BEGIN Data to examine

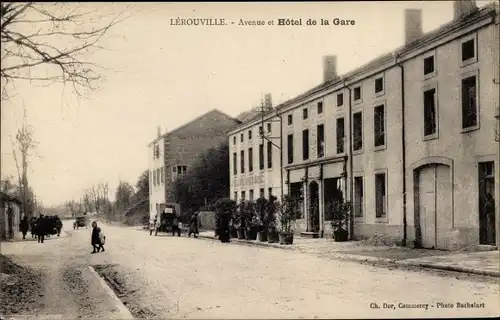 Ak Lerouville Lothringen Meuse, Avenue et Hôtel de la Gare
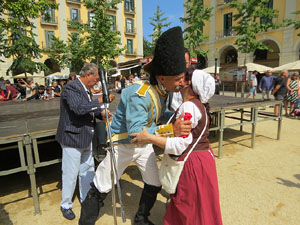 XIV Festa Reviu els Setges Napole&ograve;nics de Girona. Actes a la pla&ccedil;a de la Independ&egrave;ncia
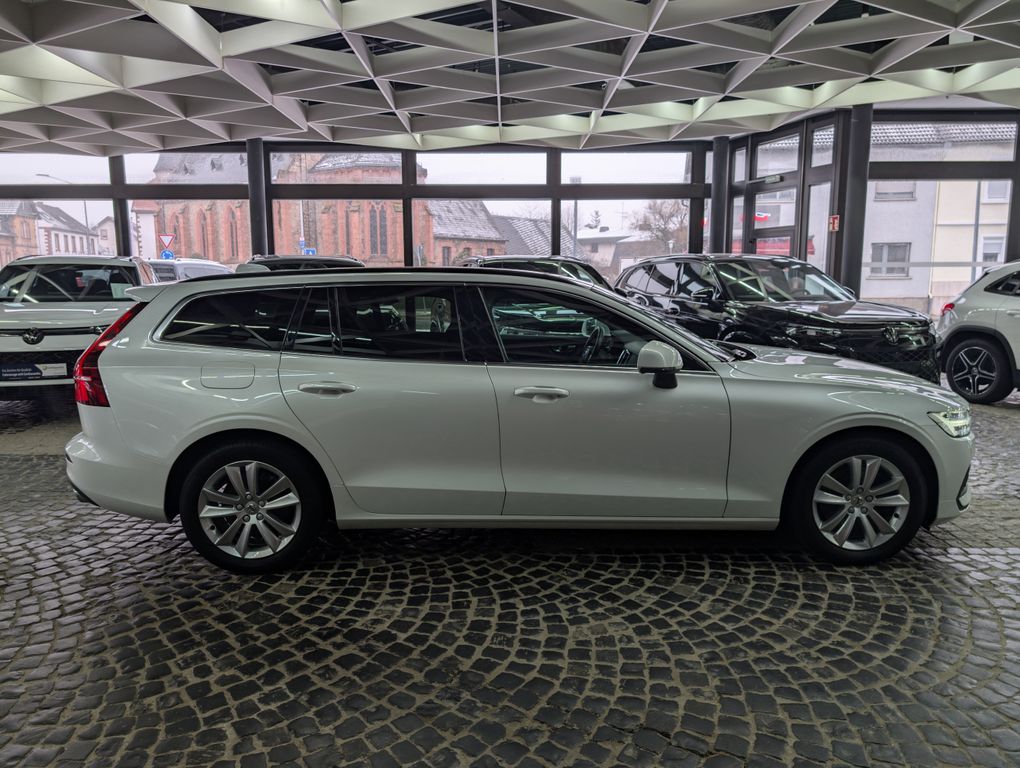 Volvo V60 2022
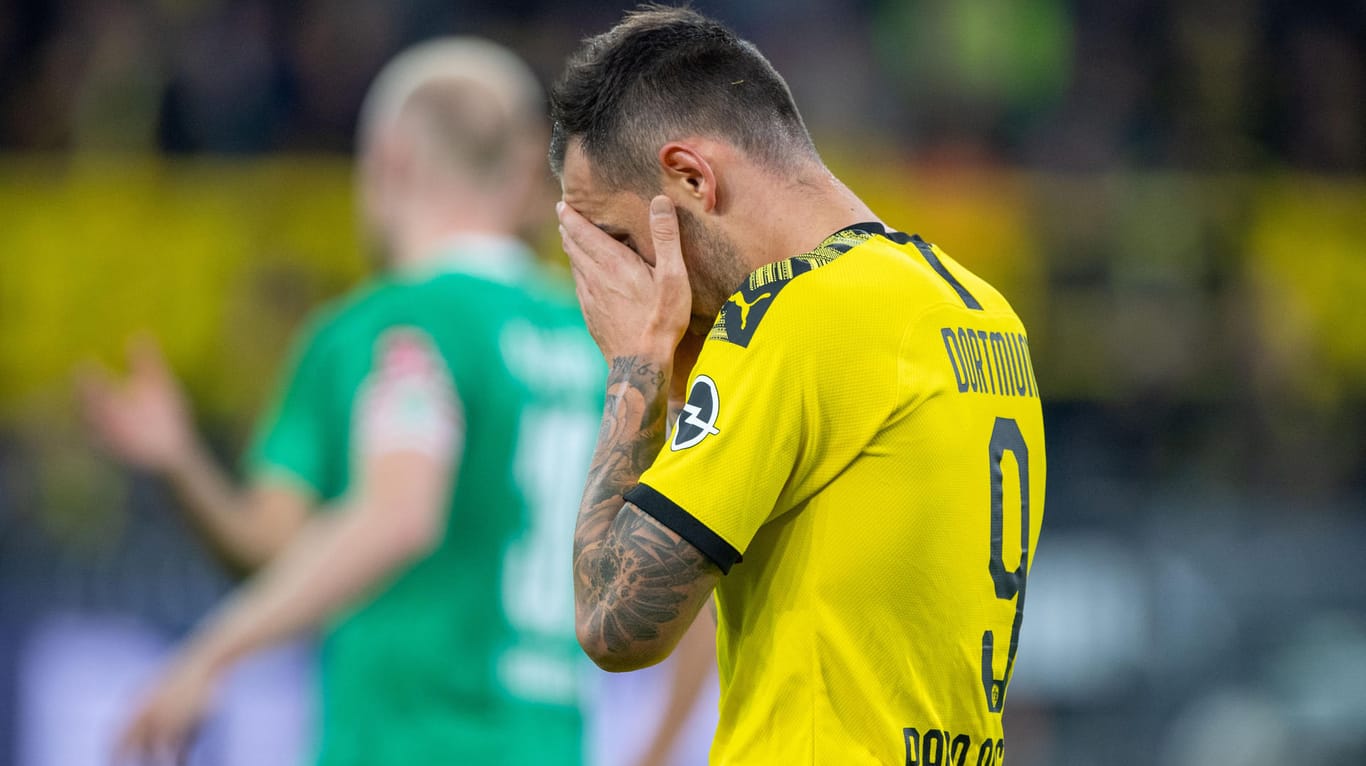Paco Alcacer: Der spanische Nationalspieler fehlt dem BVB weiterhin.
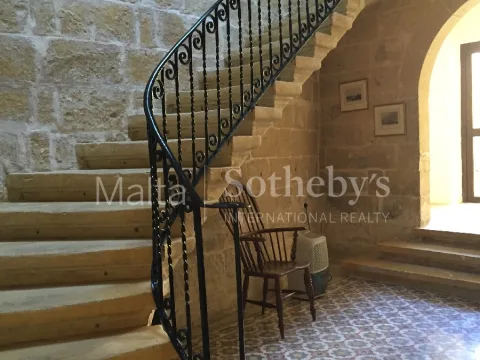 2 bed Town House For Rent in Siggiewi, Siggiewi - thumb 2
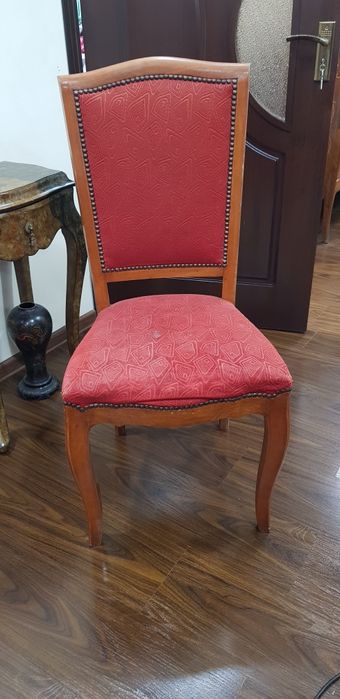 Продаю антикварную мебель срочно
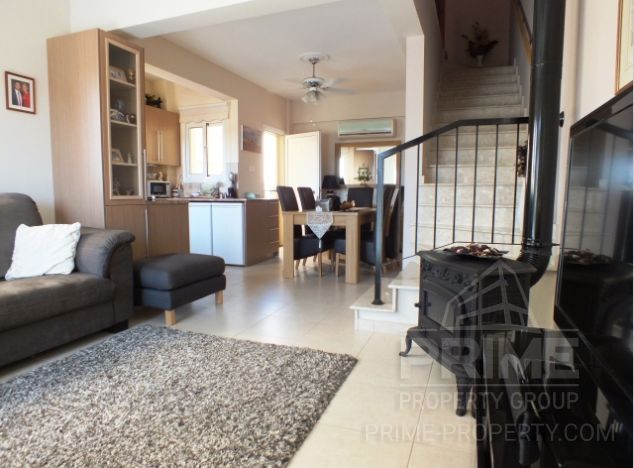 Willa w rejonie Larnaca (Mazotos) na sprzedaż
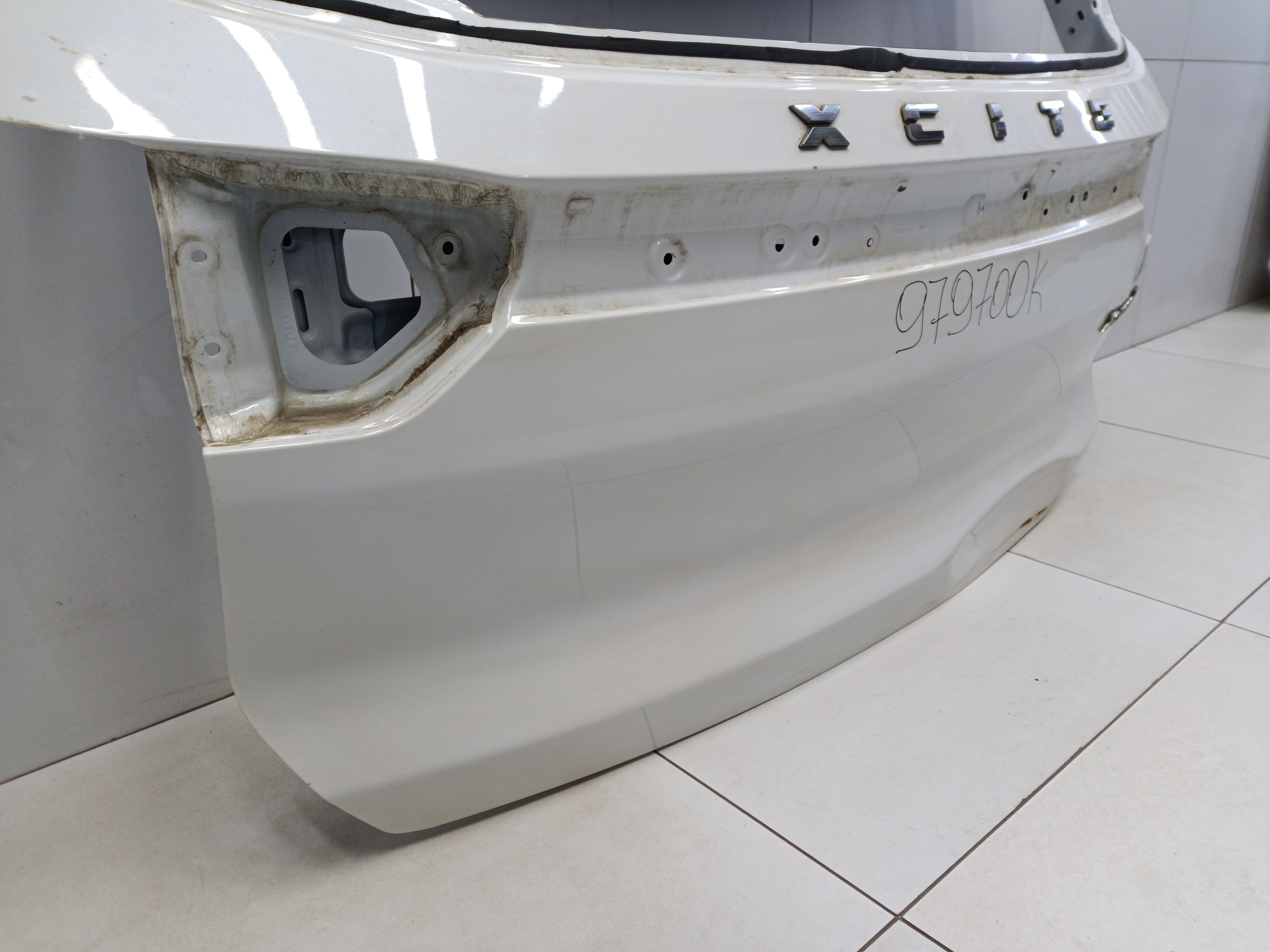 Крышка багажника Chery Tiggo 8 с датчиком защемления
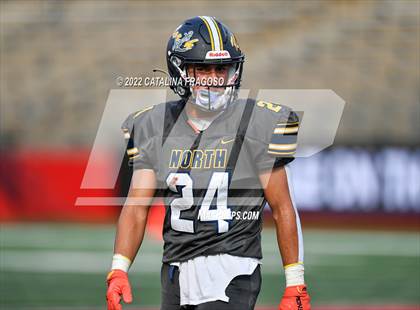 Thumbnail 2 in Rumson-Fair Haven vs Toms River North (Rumble on the Raritan) photogallery.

END Data to examine

What is needed:
Return all records exactly as they stand above, except for pictures.

Result for this exercise:
 Ak Lerouville Lothringen Meuse, Avenue et Hôtel de la Gare
 XIV Festa Reviu els Setges Napole&ograve;nics de Girona. Actes a la pla&ccedil;a de la Independ&egrave;ncia
 Volvo V60 2022
Paco Alcacer: Der spanische Nationalspieler fehlt dem BVB weiterhin.
 2 bed Town House For Rent in Siggiewi, Siggiewi - thumb 2
 Продаю антикварную мебель срочно
 Willa w rejonie Larnaca (Mazotos) na sprzedaż
 Крышка багажника Chery Tiggo 8 с датчиком защемления
 Thumbnail 2 in Rumson-Fair Haven vs Toms River North (Rumble on the Raritan) photogallery.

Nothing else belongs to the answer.